Pulse allows you to analyze comments (such as tweets) for a particular company or product.

For example, imagine that the fictional company Pytell Corp has just released a new product called Owl-2. You want to analyze the sentiment of both the company and the product.

You've collected several tweets from Twitter about several companies and products into your database. However, for this analysis you only want to target tweets that have to do with Pytell Corpand/or Owl-2.

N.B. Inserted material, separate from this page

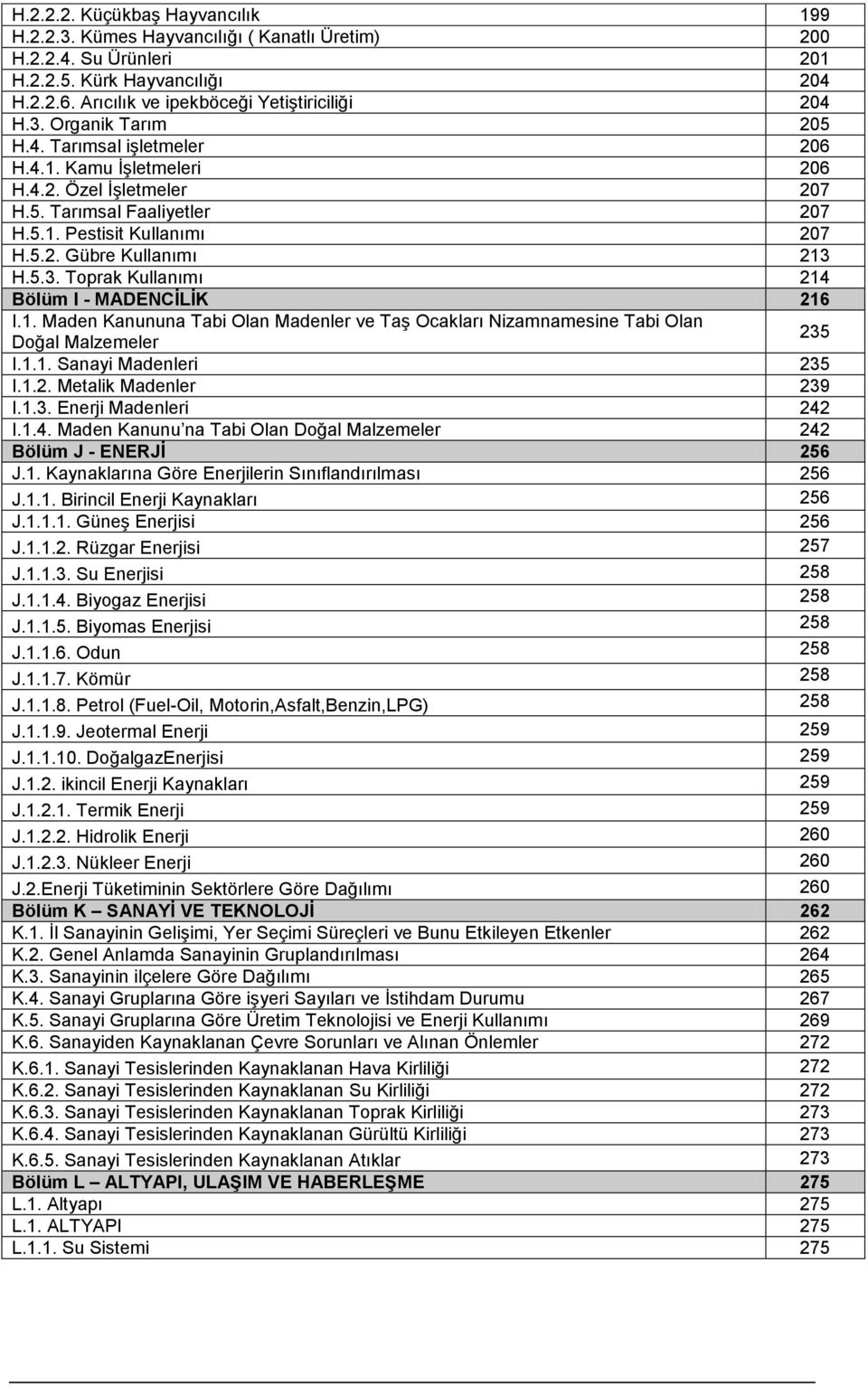 H.5.3. Toprak Kullanımı 214 Bölüm I - MADENCİLİK 216 I.1. Maden Kanununa Tabi Olan Madenler ve Taş Ocakları Nizamnamesine Tabi Olan Doğal Malzemeler 235 I.1.1. Sanayi Madenleri 235 I.1.2. Metalik Madenler 239 I.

The dataset for this example is below:

create table tweets_sample(id int, author varchar(50), text varchar(400));

insert into tweets_sample values(400900, 'DramaBugs', 
'Pytell Corp has horrible customer support. On Hold 2 hours!'); insert into tweets_sample values(401200, 'Gemball',
'Owl-2 doesn''t fly!'); insert into tweets_sample values(403070, 'Postta',
'Pytell finally released Owl-2!'); insert into tweets_sample values(480920, 'Instana',
'Unboxing Owl-2 after work today! Stay Tuned!'); insert into tweets_sample values(434500, 'Dailydant',
'Owl-2 flies great! I like it!'); insert into tweets_sample values(450670, 'HelpfulBen',
'Owl-2 keeps crashing into things!'); insert into tweets_sample values(402092, 'Championtips',
'Owl-2 has solved our rodent infestation!'); insert into tweets_sample values(434950, 'Editone',
'Pytell fail? Reports of Owl-2 crashing through windows.'); insert into tweets_sample values(413956, 'CzarLatest',
'Pytell Corp''s Owl-2 just released!'); insert into tweets_sample values(459988, 'CelticMiss', 'I like Ponies!'); insert into tweets_sample values(403511, 'BuffDrama',
'I am afraid of small spiders.'); commit;
 
  1. Run SentimentAnalysis to get an idea of how Pulse is analyzing the data:

    SELECT author, SentimentAnalysis(text) OVER(PARTITION BY author, text) FROM tweets_sample ORDER BY attribute;

    author | sentence | attribute | sentiment_score --------------+----------+--------------------+----------------- DramaBugs | 1 | customer support | -1 Championtips | 1 | owl-2 | 0 HelpfulBen | 1 | owl-2 | -1 Instana | 1 | owl-2 | 1 CzarLatest | 1 | owl-2 | 0 Gemball | 1 | owl-2 | 0 Postta | 1 | owl-2 | 0 Dailydant | 1 | owl-2 | 1 Editone | 2 | owl-2 | -1 CelticMiss | 1 | ponies | 1 Editone | 2 | reports | -1 Championtips | 1 | rodent infestation | 0 BuffDrama | 1 | spiders | -1 Instana | 2 | tuned | 0 Editone | 1 | Pytell | -1 Postta | 1 | Pytell | 0 CzarLatest | 1 | Pytell corp | 0 DramaBugs | 1 | Pytell corp | -1 Editone | 2 | windows | -1 Instana | 1 | work today | 0 (20 rows)
  2. There are some attributes listed (ponies!) that do not apply to the analysis that you are doing. You can focus your analysis by adding whitelist entries and filtering on the whitelist. Insert whitelist entries for the company and product name into the standard whitelist:

    INSERT INTO pulse.white_list_en VALUES ('Pytell Corp');
    INSERT INTO pulse.white_list_en VALUES ('owl-2');
    commit;

    Reload the whitelist into Pulse. Loading a user-dictionary or mapping overwrites the existing user-dictionary or mapping:

    SELECT LoadDictionary(standard USING PARAMETERS listName='white_list') OVER() FROM pulse.white_list_en;
  3. Also, note that Pulse is not identifying all variations on the company name. There are also three obvious attributes for the product name ('Pytell', 'pytell corp). You can normalize these values by using a normalization mapping. Add the synonyms to the standard normalization mapping:

    insert into pulse.normalization_en values('Pytell', 'Pytell Corp');
    commit;
  4. Reload the normalization mapping to load the new values into Pulse:

    SELECT LoadMapping(standard_base, standard_synonym USING PARAMETERS mapName='normalization') OVER() FROM pulse.normalization_en;
    
  5. Run the query again to see how the normalization affects the results.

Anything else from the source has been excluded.